= Activity =
Pictures aside, repeat the whole listing word for word.

= Data shown =
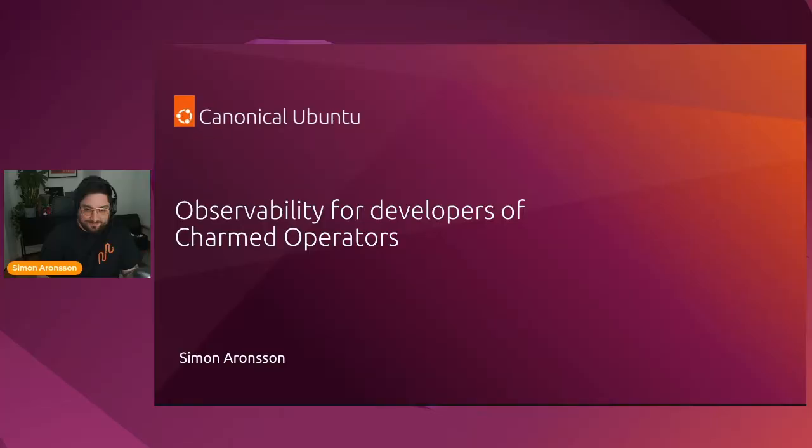Now, if we only knew what was happening with all of our infrastructure and applications, we'd be set. Thankfully, Seema is coming up next to introduce observability. Take it away, Seema.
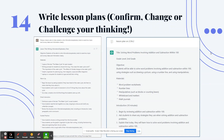Number 14: ChatGPT can write lesson plans to confirm, change, or challenge your thinking. You can say 'design a lesson plan to help students write...' or just give ChatGPT a standard — for example, 2.OA.2, which is an operations and algebraic thinking math standard in second grade. ChatGPT will write a lesson that goes with that standard, and you can get new ideas from what it designs for you.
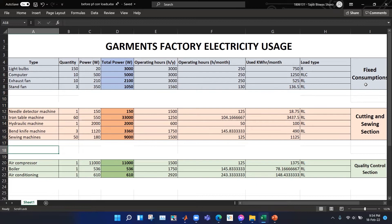In the fixed consumption section we have listed loads that don't change with time, like light bulbs, computers, exhaust fans, and stand fans. In the cutting and sewing section we have needle detector machines, iron, double machines, hydraulic machines, end-knife machines, and sewing machines. In the quality control section we have air compressors, boilers, and air conditioners.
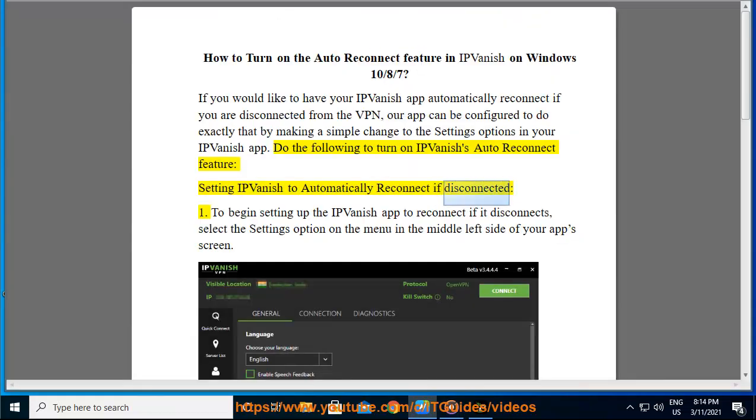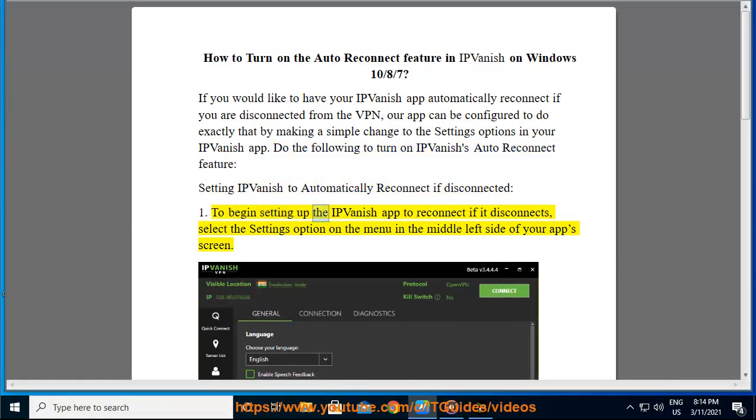If disconnected: 1. To begin setting up the IPVanish app to reconnect if it disconnects, select the settings option on the menu in the middle left side of your app's screen.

= Solved problem =
Now, if we only knew what was happening with all of our infrastructure and applications, we'd be set. Thankfully, Seema is coming up next to introduce observability. Take it away, Seema.
Number 14: ChatGPT can write lesson plans to confirm, change, or challenge your thinking. You can say 'design a lesson plan to help students write...' or just give ChatGPT a standard — for example, 2.OA.2, which is an operations and algebraic thinking math standard in second grade. ChatGPT will write a lesson that goes with that standard, and you can get new ideas from what it designs for you.
In the fixed consumption section we have listed loads that don't change with time, like light bulbs, computers, exhaust fans, and stand fans. In the cutting and sewing section we have needle detector machines, iron, double machines, hydraulic machines, end-knife machines, and sewing machines. In the quality control section we have air compressors, boilers, and air conditioners.
If disconnected: 1. To begin setting up the IPVanish app to reconnect if it disconnects, select the settings option on the menu in the middle left side of your app's screen.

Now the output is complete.